:: INPUT DATA

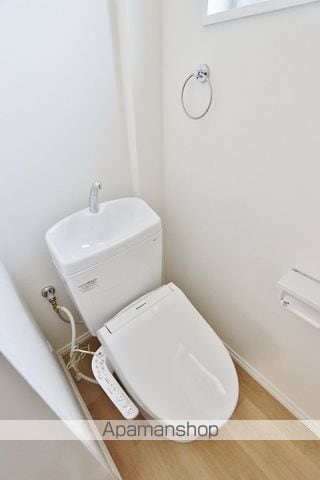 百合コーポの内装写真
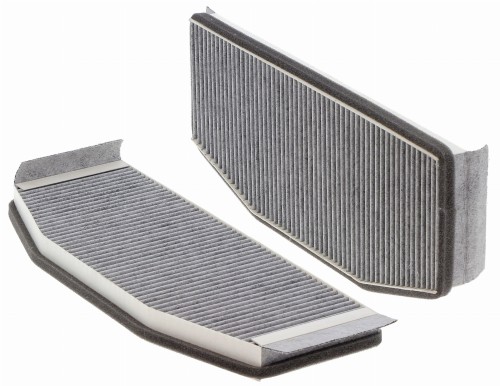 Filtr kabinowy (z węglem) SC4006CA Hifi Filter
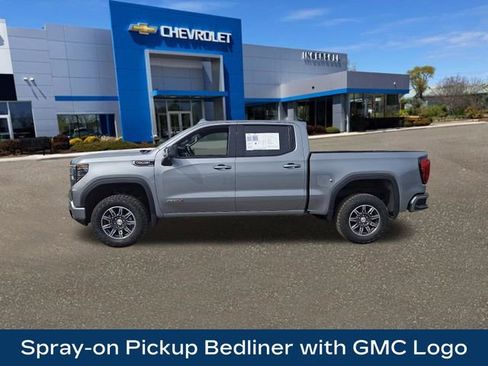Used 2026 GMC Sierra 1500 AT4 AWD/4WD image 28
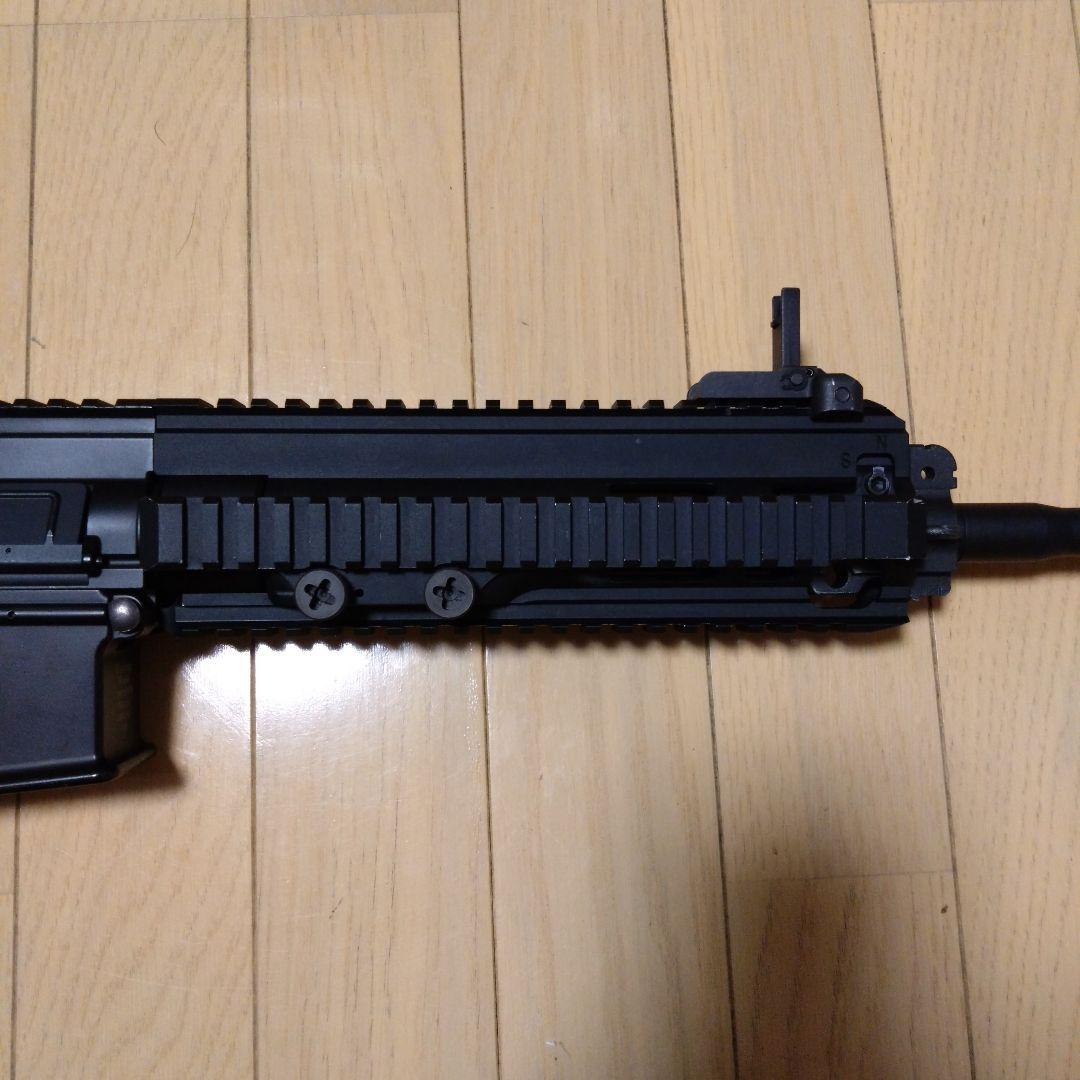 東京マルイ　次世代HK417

::::

▸ **TASK INSTRUCTIONS**: Copy all the material word for word, minus its pictures.

▸ **ANSWER SPACE**:
 百合コーポの内装写真
 Filtr kabinowy (z węglem) SC4006CA Hifi Filter
Used 2026 GMC Sierra 1500 AT4 AWD/4WD image 28
 東京マルイ　次世代HK417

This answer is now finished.